▶ Task inputs
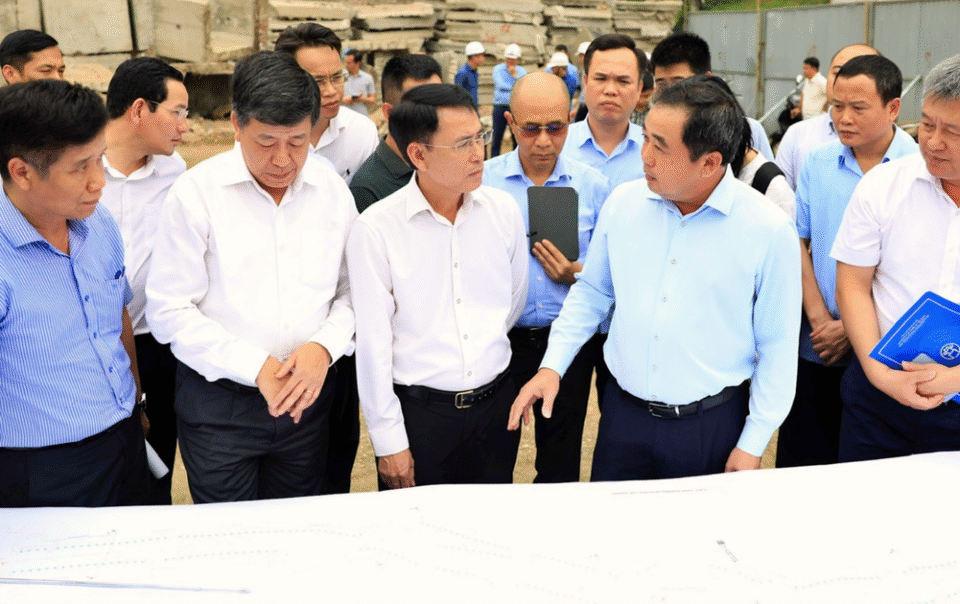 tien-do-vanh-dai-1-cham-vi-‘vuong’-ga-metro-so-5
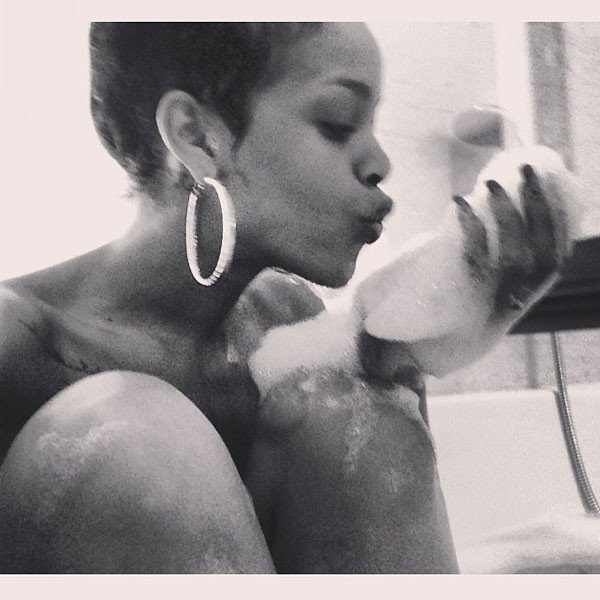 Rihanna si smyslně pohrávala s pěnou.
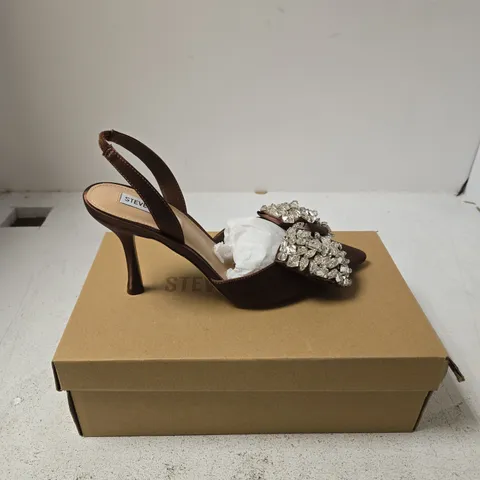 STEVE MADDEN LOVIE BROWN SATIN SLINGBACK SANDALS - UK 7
--
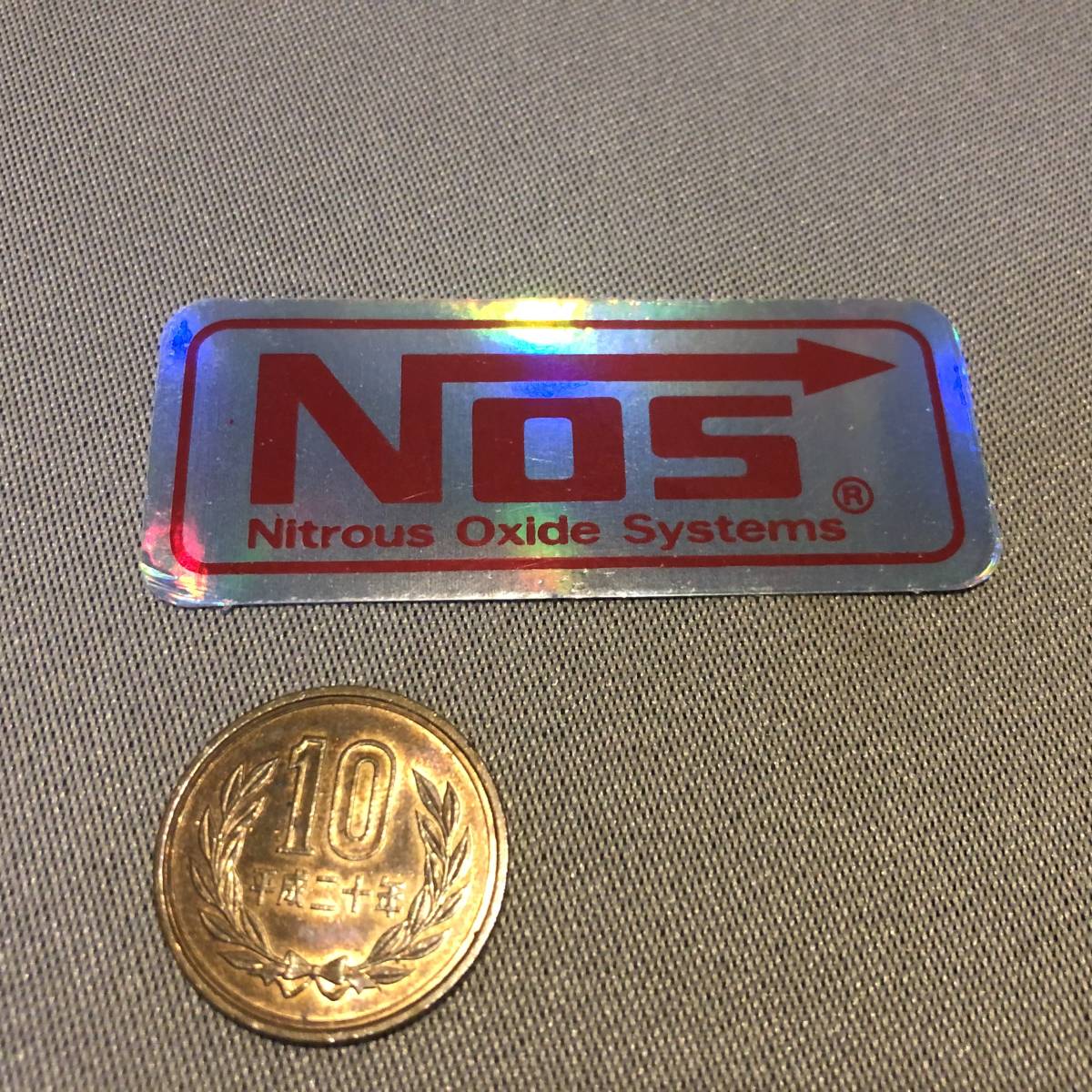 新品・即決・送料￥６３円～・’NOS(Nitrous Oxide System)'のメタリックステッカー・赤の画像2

▶ What is required
Lines wanted from the entries above: the one with "tien-do-vanh-d", the one with "STEVE MADDEN LOVIE", and all lines between. Please copy them exactly, without the pictures and without anything else.

▶ Written response
 tien-do-vanh-dai-1-cham-vi-‘vuong’-ga-metro-so-5
 Rihanna si smyslně pohrávala s pěnou.
 STEVE MADDEN LOVIE BROWN SATIN SLINGBACK SANDALS - UK 7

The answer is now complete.